In June 2008, private investigators Christopher Hackett and Darren Whalley pleaded guilty to blagging personal information from BT for a client who was trying to trace her partner. Christopher Hackett was able to blag the information by pretending to be a BT employee. They were fined GB pound 400 and GB pound 500 respectively.

The police have also investigated a number of incidents where their own staff have unlawfully accessed people’s personal details from the Police National Computer.

In 2007, a 79-year-old man died shortly after a brick was thrown through his lounge window. The man had been involved in a dispute with a woman over a parking space. The woman’s husband subsequently asked a serving police officer to identify the pensioner’s address. He and his brother then went to the pensioner’s house. They were both convicted of manslaughter and the police officer was fined GB pound 1,200 and resigned from the force.

In 2005, a private investigator working for Pearmac Limited was fined GB pound 6,250 after trying to obtain a rape victim’s address from her GP and utility company. The rape victim believed that the attempts to obtain her details could be part of an act of revenge directed at her for reporting and giving evidence against her attacker.

‘Overhelming support’ over case for custodial sentences

The case for making available custodial sentences as the penalty for Section 55 offences was overwhelmingly supported by respondents to a Government consultation “increasing penalties for wilful misuse of personal information” in 2006.
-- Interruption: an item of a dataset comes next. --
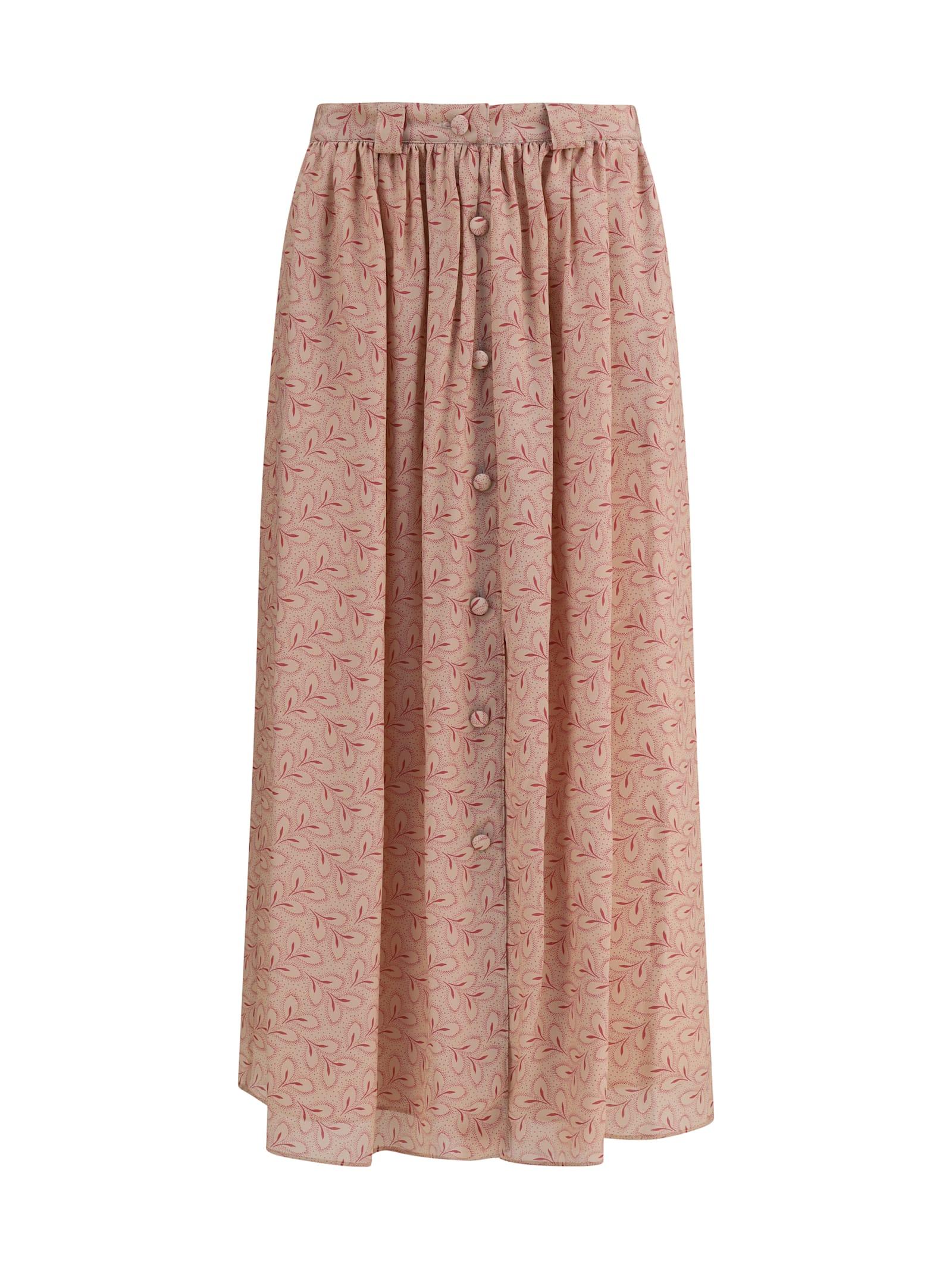 kristina ti half circle skirt with foliage print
Indeed, the Government itself recognised the case was overwhelming at the time, and gave a commitment for introducing custodial sentences.
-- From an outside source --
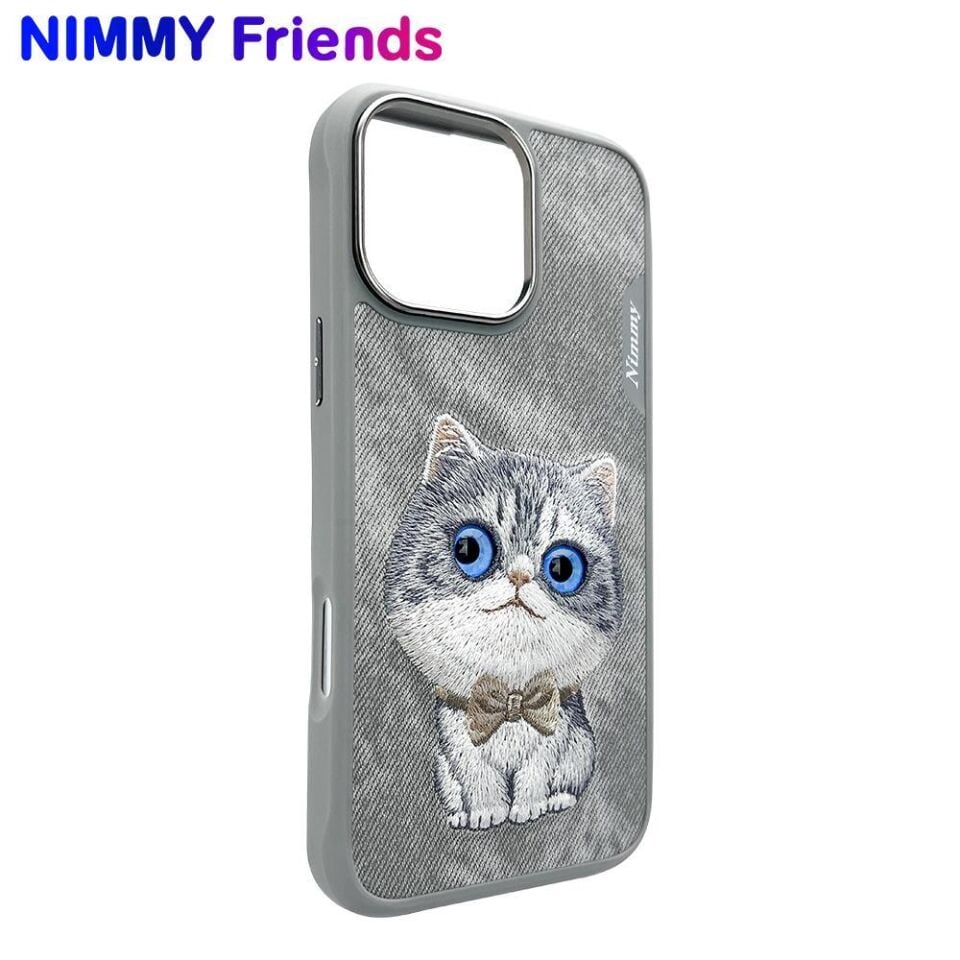 NIMMY iPhone 16 Uyumlu  3D Gerçek Nakış İşlemeli New Big Eyes Kedi Desenli Silikon Kılıf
This provision was introduced to Parliament during the passage of the Criminal Justice and Immigration Act 2008, but was amended at the report stage in the House of Lords to provide the power to the Secretary of State to introduce the custodial sentence by statutory instrument.

Section 77 (the custodial penalty) is accompanied by an enhanced ‘reasonable belief’ defence for the Special Purposes (Section 78). Both sections remain to be commenced.

The ICO continues to see a rise in reported allegations of Section 55 offences. Numbers reported during 2010-2011 are up 18% against figures reported in the period 2008-2009.